# Help: Cycling 15 Gallon Tank



## Frank1971 (Aug 23, 2010)

Hello, would appreciate any thoughts on my 15 gallon tank that I have been cycling for 2 1/2 weeks. I started with one fish, a Neon Jewel Cichlid. After about 7 days i added a small Cory Cat, which have been the only two fish in the tank for the past week and a half. I never did any water tests on this tank for the 2 1/2 weeks until tonight.

These were my reading:

Ammonia 0.25
Nitrites 0.00
Nitrates 5.0

I have been performing light feedings throughout the duration of this 2 1/2 week period. The first week when only the Jewel was in there I only fed him pellets, and after I added the cat I started feeding some flakes very lightly.

I believe the nitrates are supposed to be a little higher, but with the ammonia being so low, and the nitrites being non-existent... does this mean my tank has cycled or is just about cycled?


----------



## NeonShark666 (Dec 13, 2010)

Having ammonia and no nitrites means you tank is still in the first phase of cycling (3-4 weeks to go).
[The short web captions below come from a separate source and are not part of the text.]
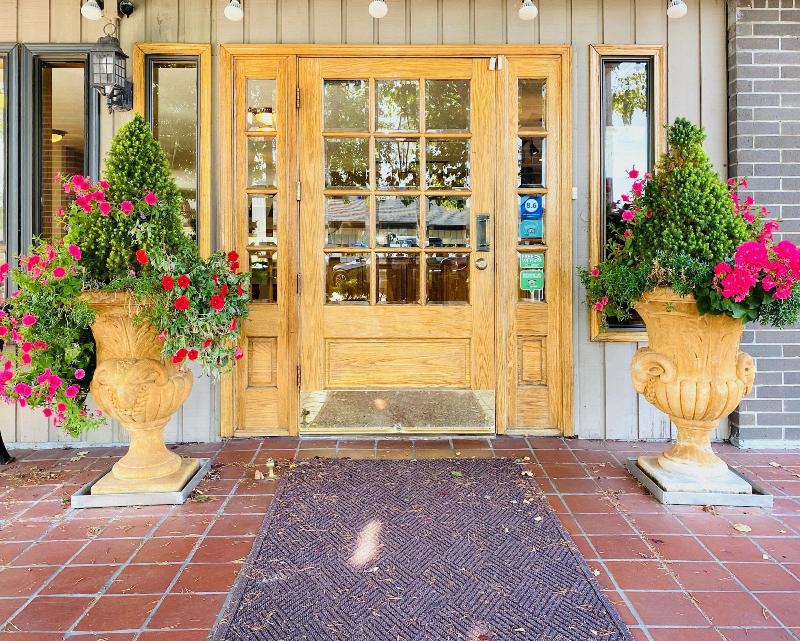 Coachman Inn & Suites image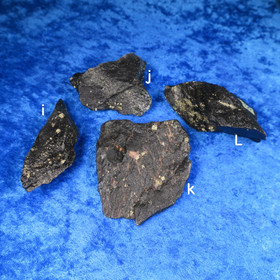 Mustaliuske ja pyriitti Suomi 42-89g Hi180 i-j-k-l. Valitse 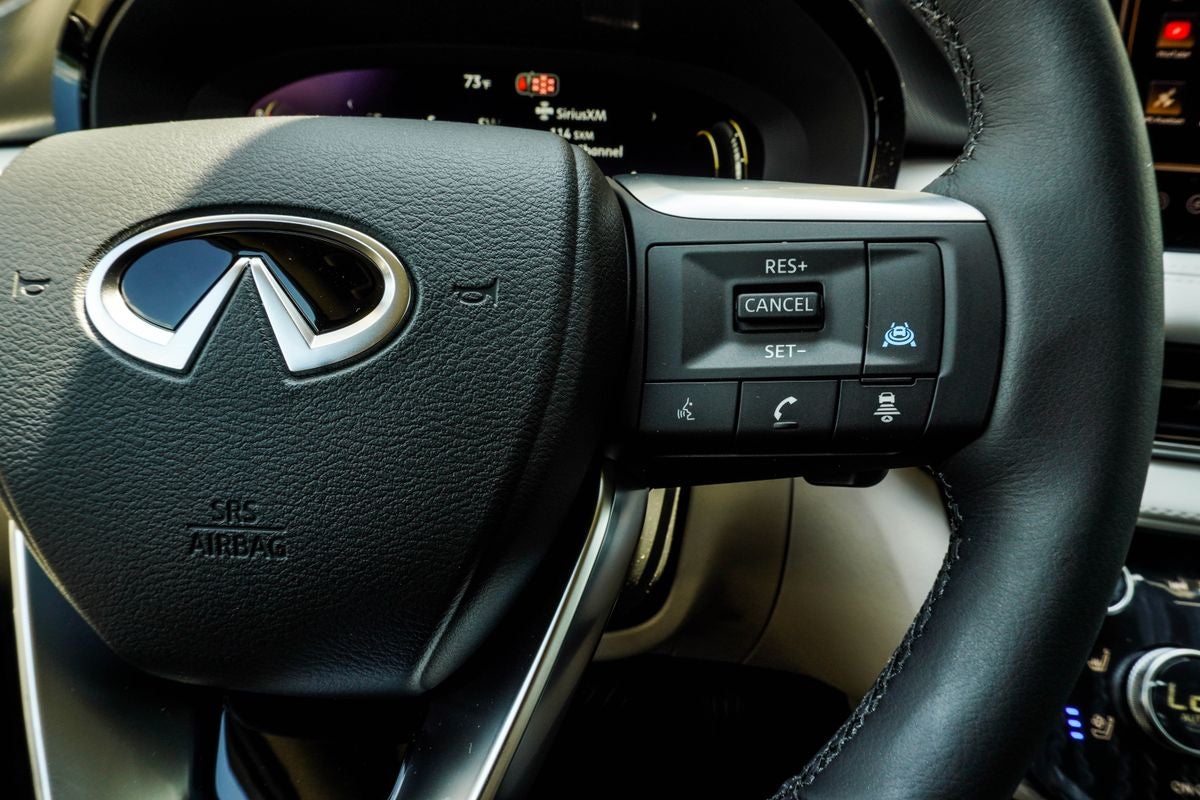 2027 INFINITI QX60 LUXE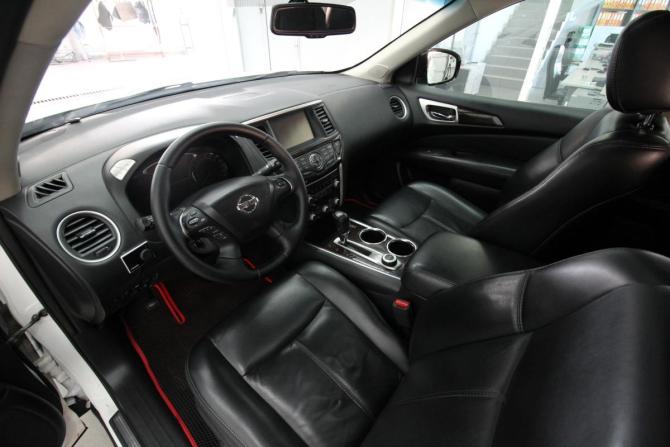 Nissan Pathfinder IV с пробегом 2015 года, цена 1 900 000 рублей, 162090 км, внедорожник, Автокод Объявления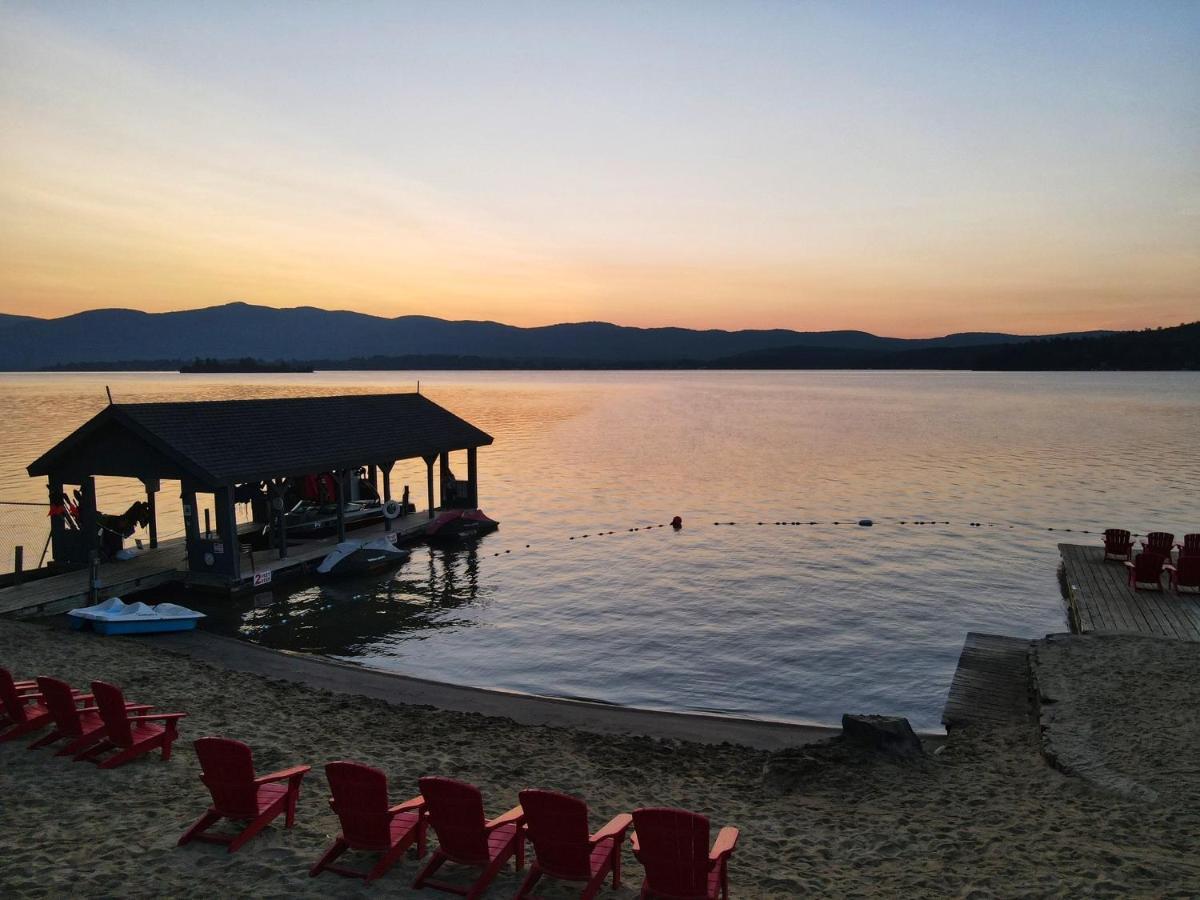 The Stone Gate Resort Lake George Esterno foto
Adding your cory during cycling messed up your cycling process and delayed it. Catfish and chiclids aren't very good cycling fishes, they are sensative to ammonia and nitrites. To help in the cycling process I recommend good aeriation, filtration and some live plants.


----------



## jrman83 (Jul 9, 2010)

How does adding another fish stall the cycle? That fish still produces waste.
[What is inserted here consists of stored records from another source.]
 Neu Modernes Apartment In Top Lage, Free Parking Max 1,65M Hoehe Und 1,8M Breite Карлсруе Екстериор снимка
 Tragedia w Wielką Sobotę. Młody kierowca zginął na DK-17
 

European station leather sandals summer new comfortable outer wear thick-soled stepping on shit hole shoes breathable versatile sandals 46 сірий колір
Anyway, surprised you even have nitrates at this point. Maybe you have some in your tap? Just watch your ammonia. I think it is that low at this point because you have a small number of fish in there (not recommending more). Try and keep ammonia and nitrites at 1 or below. If it gets above, do a water change.


----------



## snail (Aug 6, 2010)

Another fish won't delay the cycling, water changes which are needed when cycling with fish might delay it a bit, I think fishless cycles are faster because of this.

It does seem like your cycle is still in the beginning.


----------